Friday, January 26, 2018

Azure Machine Learning Webinars

As some of you may know, we've been giving Azure Machine Learning presentations for about a year now.  As promised, we wanted to include links to the videos, as well as any supplemental material for the presentations.

Azure Machine Learning Studio: Making Data Science Easy(er)

https://www.youtube.com/watch?v=QMj_dL64xCA

There are no supplemental materials for this presentation.

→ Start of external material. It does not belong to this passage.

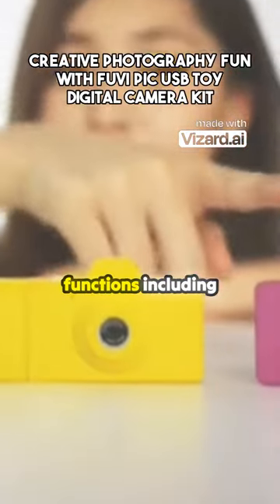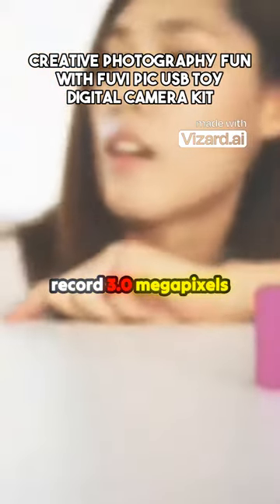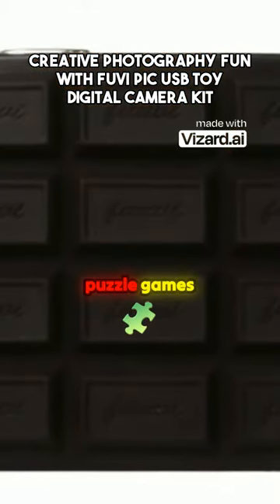The camera for kids has multiple functions, including photograph, video record, 3.0 megapixel and 4x digital zoom-in playback, delay capture, burst shooting, and puzzle games.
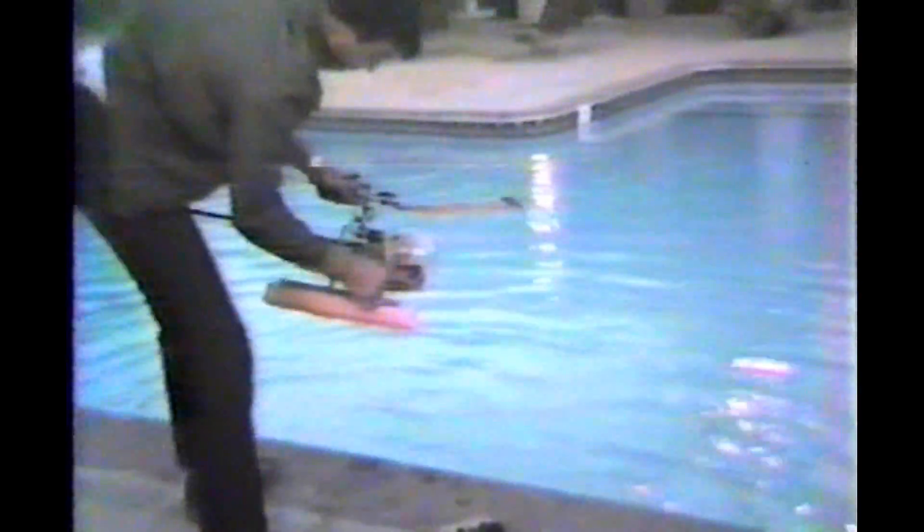This is a bad idea. As soon as the tail rotor hit the water — glug, glug, glug. Well, this is the day that I learned that you need to put a float on the tail rotor skid.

Azure Machine Learning Studio: Four Tips from the Pros

https://www.youtube.com/watch?v=d25wmQ_dSQg
https://drive.google.com/open?id=12xodphzcK1Oy7TBDDSzHPXe8GIiBIgbr

R Code for Creating Interaction Features

<R CODE START>

#####################
## Import Data
#####################

ignore <- c("income")

dat1 <- maml.mapInputPort(1)
dat.full <- dat1[,-which(names(dat1) %in% ignore)]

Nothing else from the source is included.